[Supplied records]
━━━
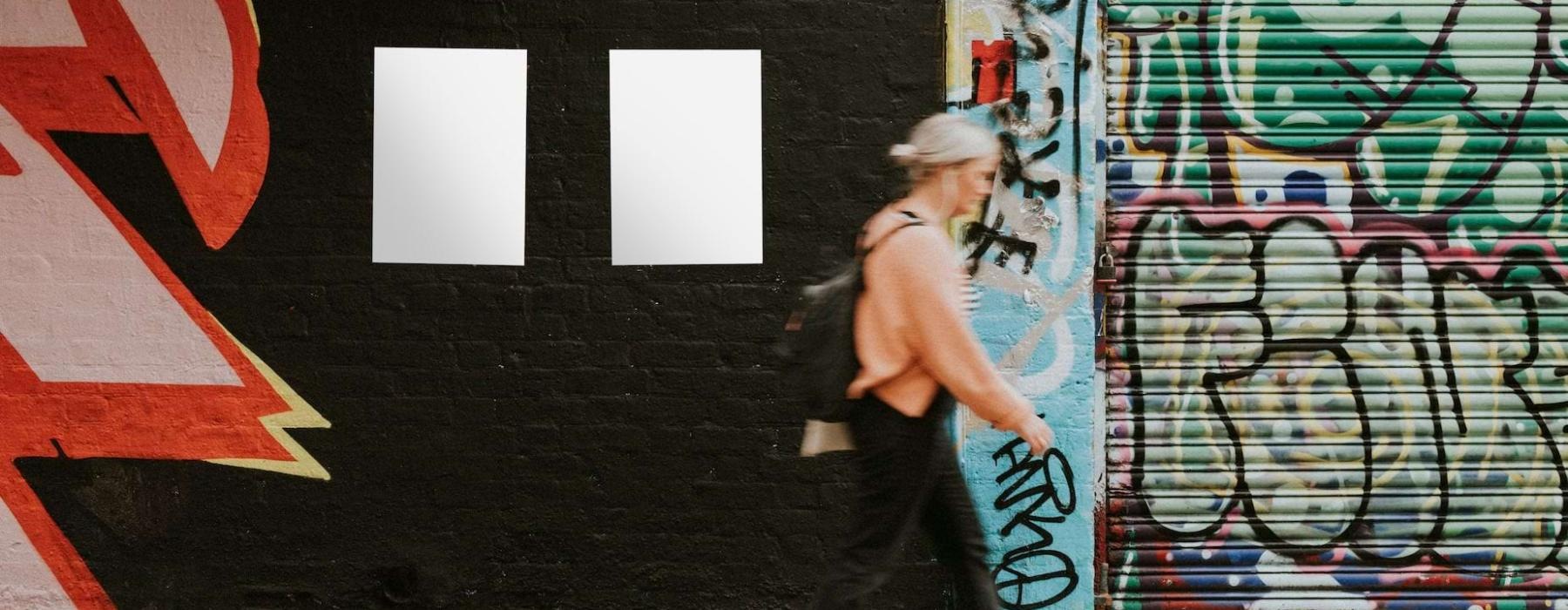a person walking on a sidewalk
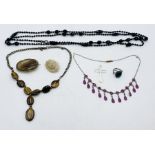 A small collection of jewellery including seed pearl brooch, agate brooch, French jet necklace,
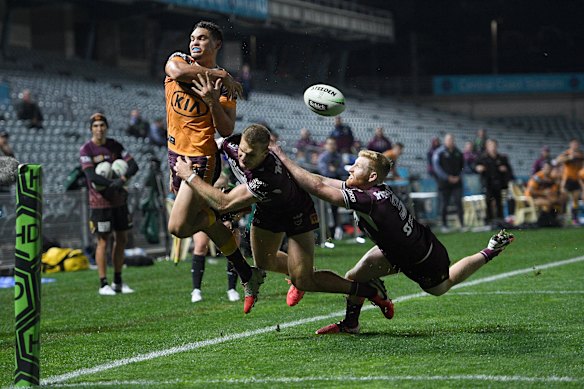 Tom Trbojevic denies Xavier Coates late in the game.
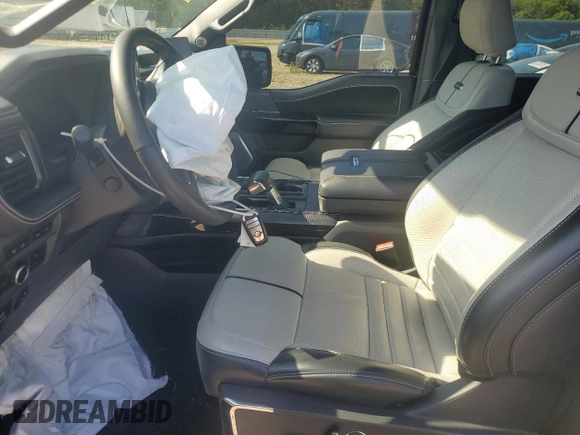 2022 Ford F-150 Lightning Pro z VIN 1FT6W1EV7NWG10601, wystawiony jako Copart lot #55057445 z przebiegiem Nie podano mil oraz Szkoda całkowita • Salvage title. Historia ofert i sprzedaży dostępna na DreamBid. Obrazek 7.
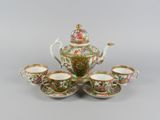 an image of a tea set with four cups and saucers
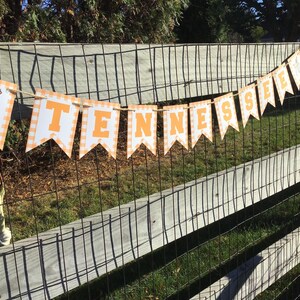 May include: A banner with the word "TENNESSEE" in orange letters on white pennants with an orange and white checkered border. The banner is strung across a wooden fence with a wire mesh backing. The first pennant has a dog illustration.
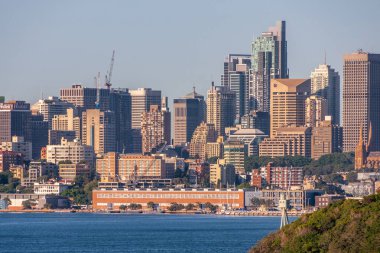 Sydney, Australia - December 11, 2009: City skyline with multiple skyscrapers and tallest World Tower. Navy pier and red warehouse-office on shore of bay. Green foliage of Bradleys Head.
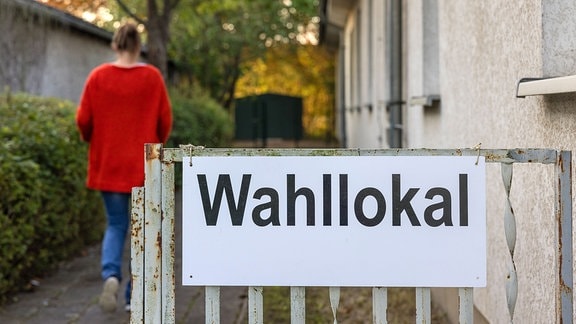 Eine Wahlhelferin läuft in ein Wahllokal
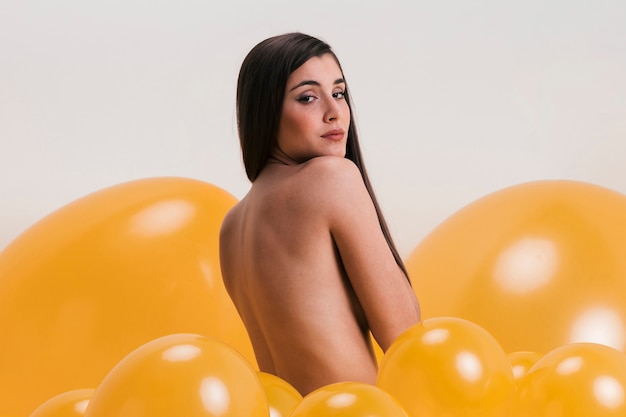 Donna nuda tra molti palloncini gialli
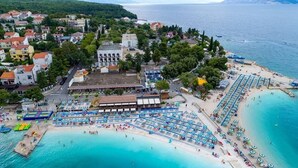 Vue aérienne d’une ville côtière avec un hôtel, une plage et des eaux d’un bleu limpide.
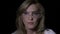 Close up of a beautiful scientist blonde woman wearing goggle glasses on a dark background -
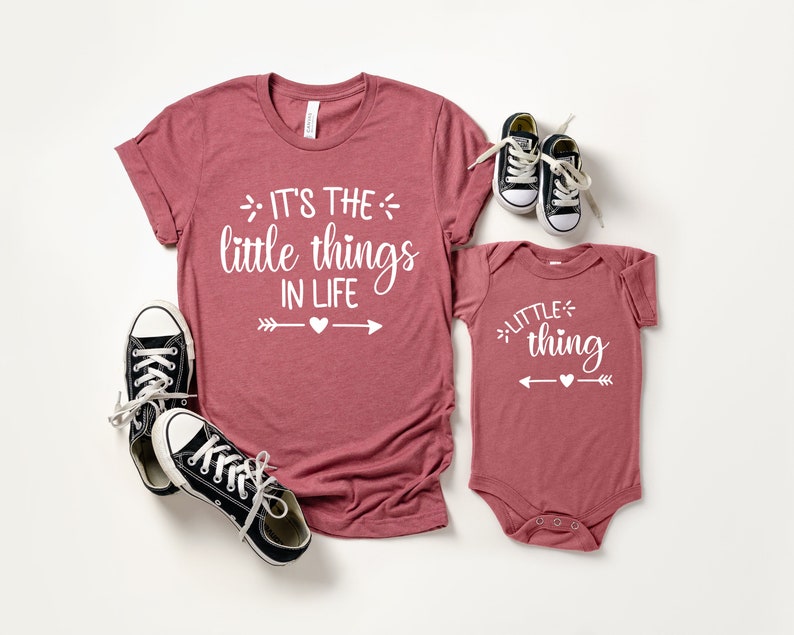 May include: A set of two shirts with a matching design. The larger shirt is a maroon t-shirt with the text "It's the little things in life" and two arrows with a heart in the middle. The smaller shirt is a maroon bodysuit with the text "little thing" and two arrows with a heart in the middle.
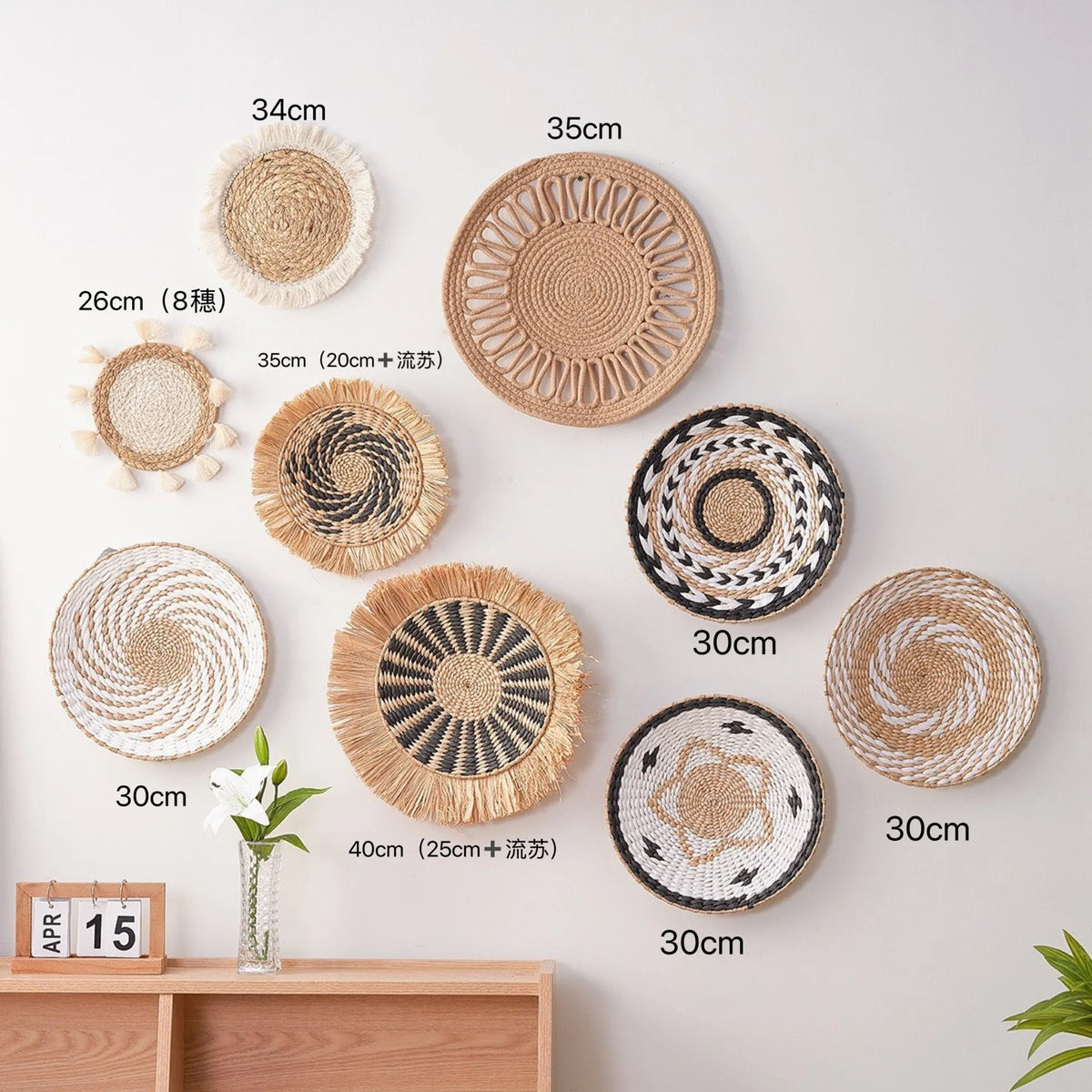 A collection of round boho straw wall hangings with varying diameters and woven tassels displayed on a white wall.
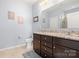 Bathroom with a double sink vanity, granite countertops, and a separate shower at 1221 Brookcrest Ln, Fort Mill, SC 29708
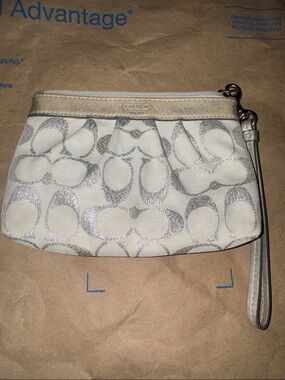 Coach Cream Canvas Wristlet with Silver Signature Print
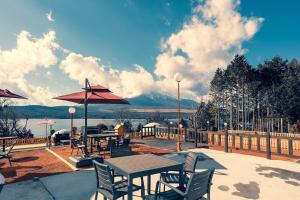 een patio met tafels en stoelen en uitzicht op een berg bij Fuji Yamanakako Resort Hotel - Vacation STAY 03089v in Yamanakako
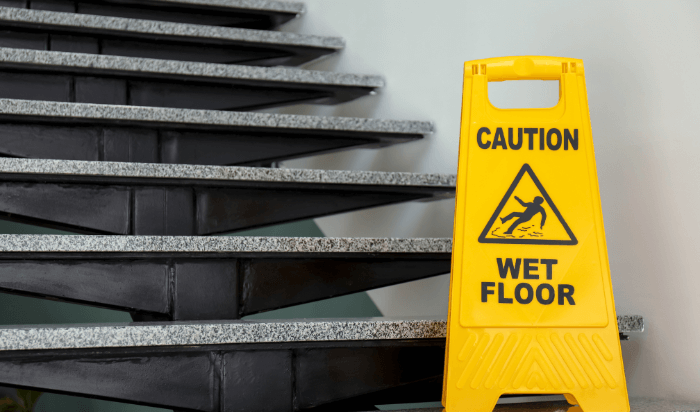 Wet floor sign on stairs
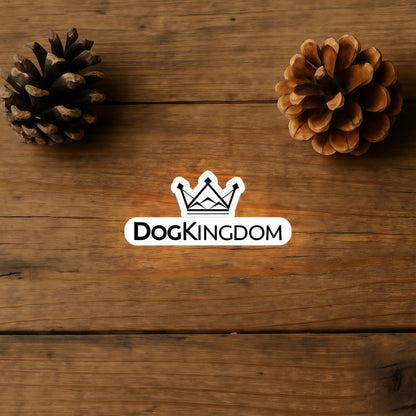 DogKingdom crown logo sticker on a wooden surface with pinecones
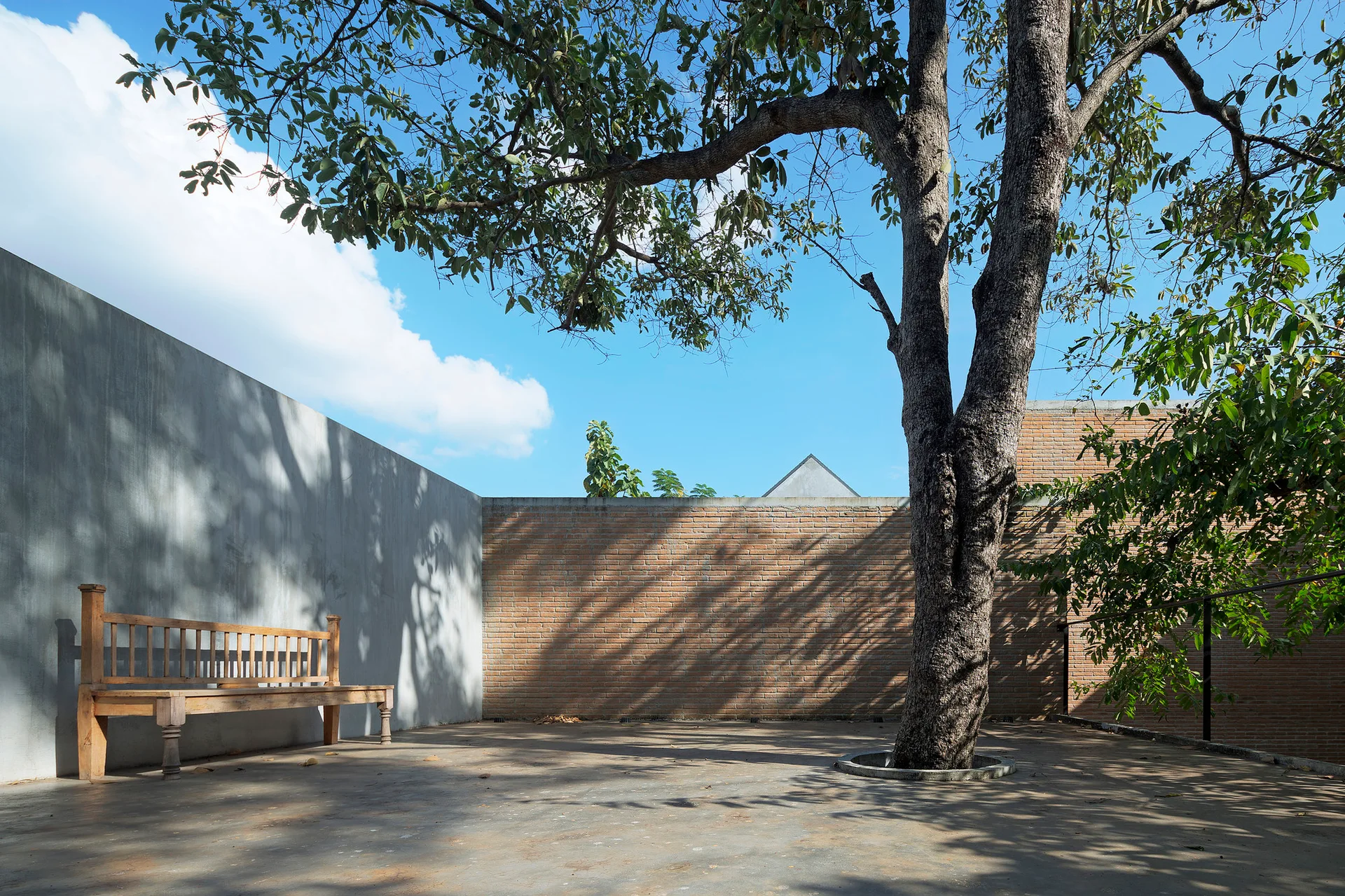 A spacious outdoor courtyard featuring a wooden bench against a concrete wall, surrounded by brick walls under a blue sky.
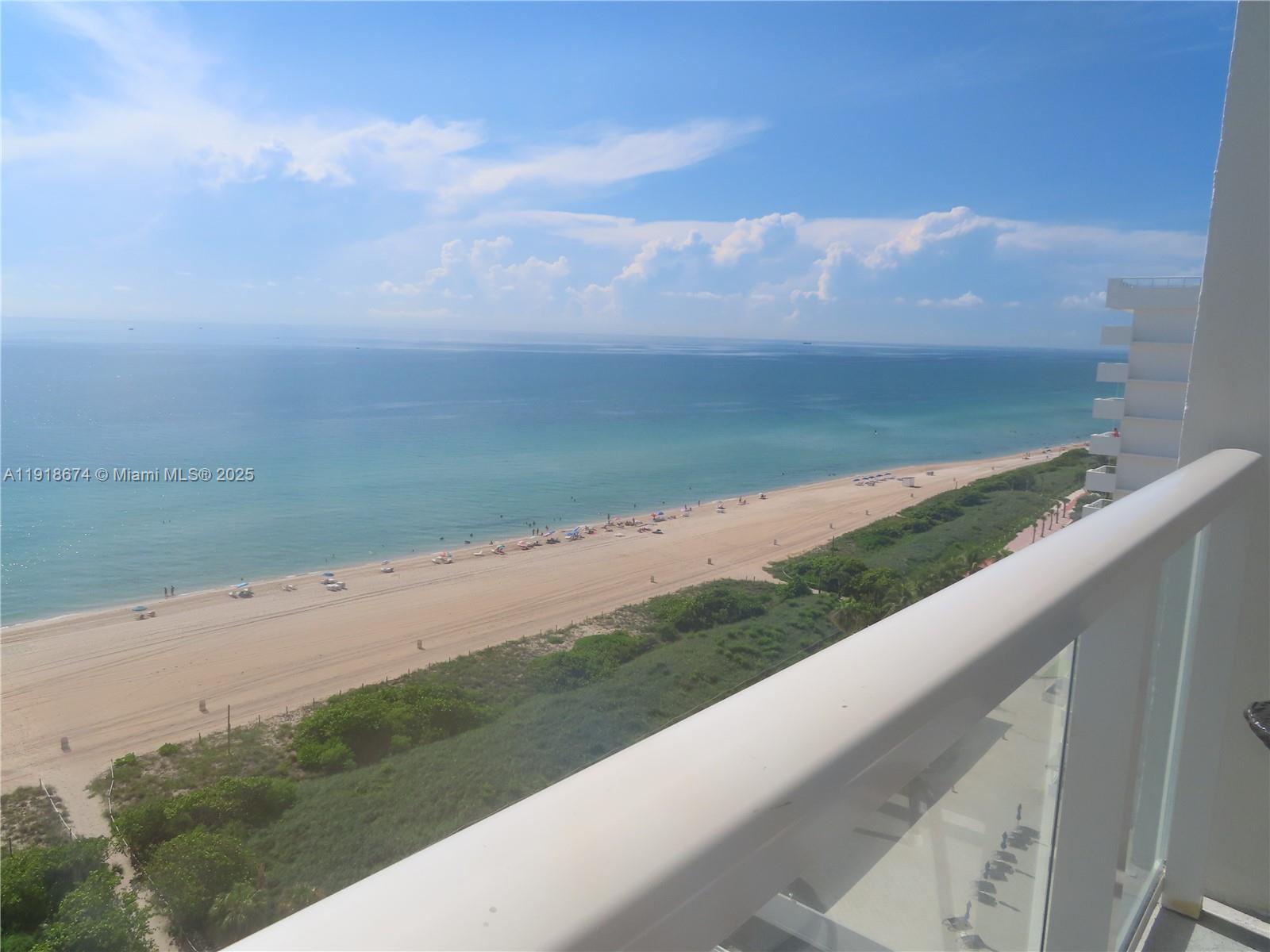 5701 Collins Avenue, Unit 808 Miami Beach, FL 33140 - Photo 4 of 40 a view of a yard with an ocean view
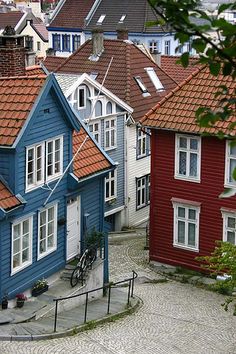 a cobblestone street with many colorful houses on the side and one bicycle parked in front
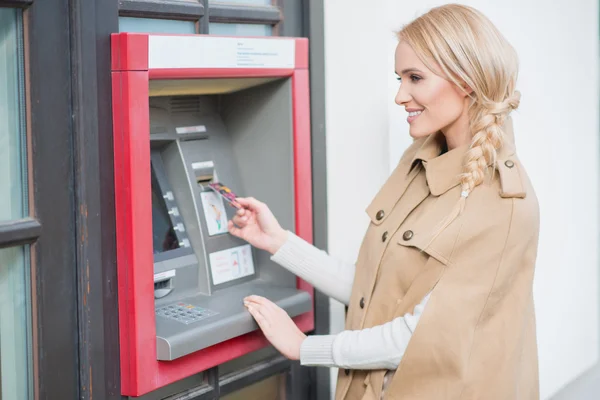 Pretty blond woman drawing money at an ATM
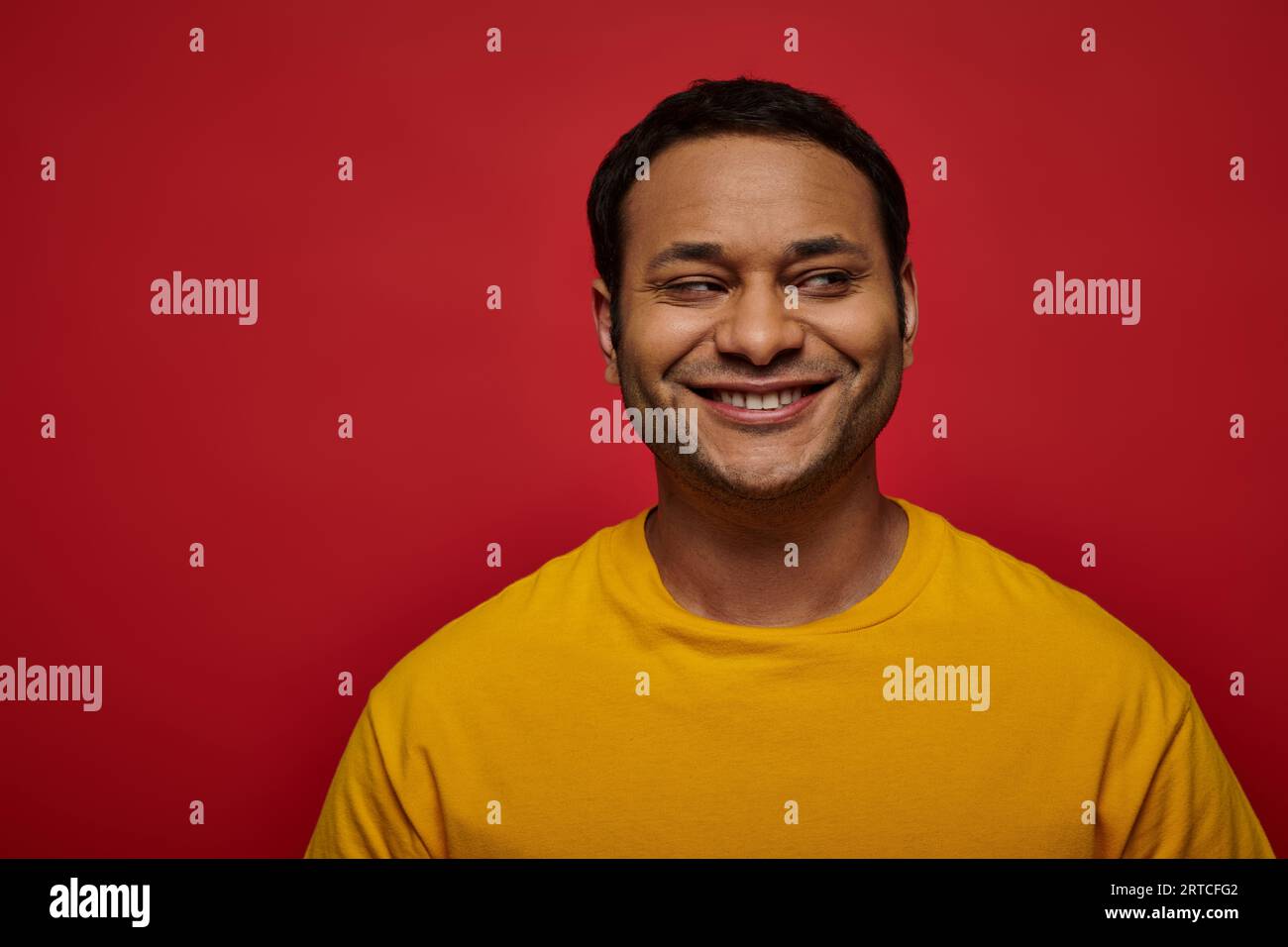 sly indian man in bright yellow clothes looking away and smiling on red background, side glance Stock Photo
━━━
[What is required] Should any entry above carry a picture, omit it and repeat everything else word for word.

[Answer space]
a person walking on a sidewalk
 A small collection of jewellery including seed pearl brooch, agate brooch, French jet necklace,
 Tom Trbojevic denies Xavier Coates late in the game.
 2022 Ford F-150 Lightning Pro z VIN 1FT6W1EV7NWG10601, wystawiony jako Copart lot #55057445 z przebiegiem Nie podano mil oraz Szkoda całkowita • Salvage title. Historia ofert i sprzedaży dostępna na DreamBid. Obrazek 7.
 an image of a tea set with four cups and saucers
 May include: A banner with the word "TENNESSEE" in orange letters on white pennants with an orange and white checkered border. The banner is strung across a wooden fence with a wire mesh backing. The first pennant has a dog illustration.
 Sydney, Australia - December 11, 2009: City skyline with multiple skyscrapers and tallest World Tower. Navy pier and red warehouse-office on shore of bay. Green foliage of Bradleys Head.
 Eine Wahlhelferin läuft in ein Wahllokal
 Donna nuda tra molti palloncini gialli
 Vue aérienne d’une ville côtière avec un hôtel, une plage et des eaux d’un bleu limpide.
 Close up of a beautiful scientist blonde woman wearing goggle glasses on a dark background -
 May include: A set of two shirts with a matching design. The larger shirt is a maroon t-shirt with the text "It's the little things in life" and two arrows with a heart in the middle. The smaller shirt is a maroon bodysuit with the text "little thing" and two arrows with a heart in the middle.
 A collection of round boho straw wall hangings with varying diameters and woven tassels displayed on a white wall.
 Bathroom with a double sink vanity, granite countertops, and a separate shower at 1221 Brookcrest Ln, Fort Mill, SC 29708
 Coach Cream Canvas Wristlet with Silver Signature Print
 een patio met tafels en stoelen en uitzicht op een berg bij Fuji Yamanakako Resort Hotel - Vacation STAY 03089v in Yamanakako
 Wet floor sign on stairs
 DogKingdom crown logo sticker on a wooden surface with pinecones
 A spacious outdoor courtyard featuring a wooden bench against a concrete wall, surrounded by brick walls under a blue sky.
 5701 Collins Avenue, Unit 808 Miami Beach, FL 33140 - Photo 4 of 40 a view of a yard with an ocean view
 a cobblestone street with many colorful houses on the side and one bicycle parked in front
 Pretty blond woman drawing money at an ATM
 sly indian man in bright yellow clothes looking away and smiling on red background, side glance Stock Photo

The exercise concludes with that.